Bradley Cooper, Emma Stone

“ALOHA” My rating: C (Opens wide on June 5)

105 minutes | MPAA rating: PG-13

“Aloha” can mean either hello or goodbye. Thus it’s an appropriate title for a movie that doesn’t know if it’s coming or going.

That the latest from writer/director Cameron Crowe isn’t a total disaster can be credited to players whose charisma helps paper over the screaming holes and loopy notions marring the doddering screenplay.

These performers are just good enough to wrest a few memorable moments from the general chaos of an eccentric romantic comedy that isn’t particularly romantic or funny.

Brian Gilcrest (Bradley Cooper) is a near-legendary former Air Force officer who was deeply involved in the U.S. space program.  But after a long career decline and injuries incurred while a contractor in Afghanistan, he’s now a mere shadow of his former self.

He’s returned to his old stomping grounds in Hawaii as an employee of multi-billionaire Carson Welch (Bill Murray), who has invested heavily in a private rocket program and needs the blessing of native Hawaiian leaders to pave over some public relations potholes.

Brian’s assignment is too look up his old friend, the king of the nativist Nation of Hawaii (Dennis Bumpy Kanahele, playing himself), and secure said blessing.

Meanwhile Brian is torn between two women.  First there’s Tracy (Rachel McAdams), the love he unceremoniously dumped 13 years earlier.

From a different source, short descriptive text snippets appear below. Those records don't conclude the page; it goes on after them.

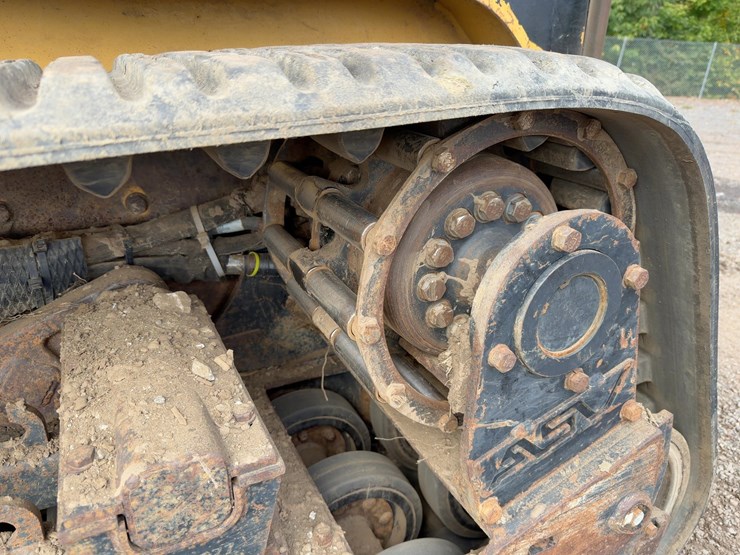 2005-caterpillar-277b-image-16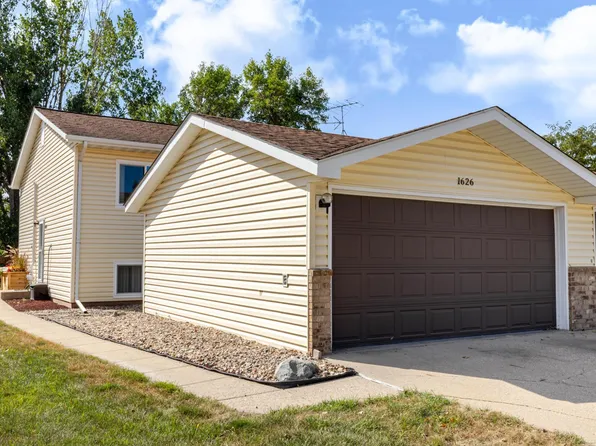 1626 34 1/2 Ave S, Fargo, ND 58104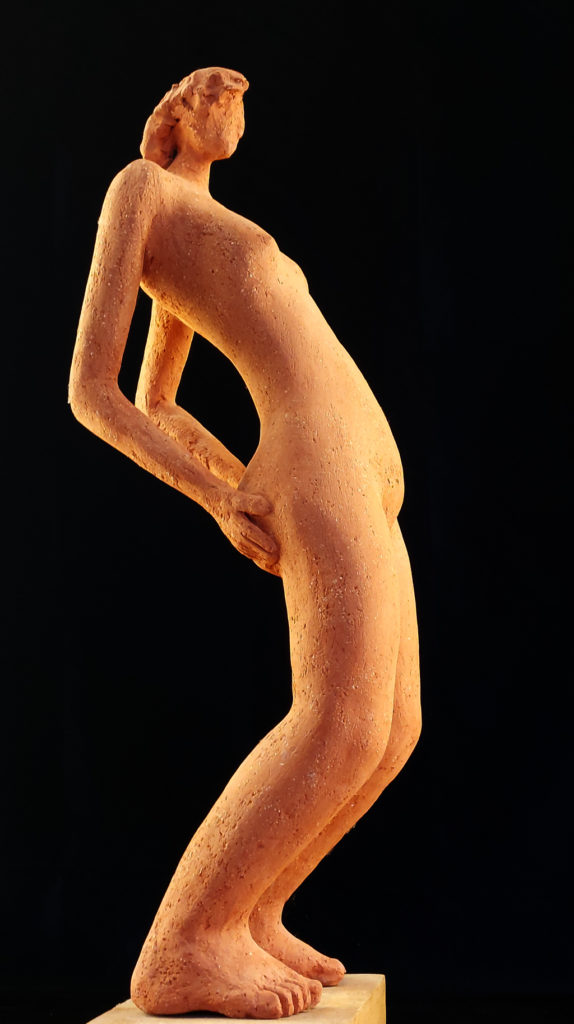 Grand nu cambré . Sculpture en terre cuite de Philippe Doberset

She’s now married to an Air Force Officer (John Krasinski) and the mother of two.

The arrival of her old flame — even in his semi-decrepit condition — exacerbates Tracy’s doubts about her marriage and a husband whose verbal communications are painfully  limited.

The other woman is Allison Ng (Emma Stone), a hotshot fighter pilot and one-quarter Hawaiian who is assigned as Brian’s military escort.  Allison starts out all spit and polish with a salute so sharp it snaps air molecules — but after a few days as Brian’s wingman  her military bearing turns all gee-whiz girly.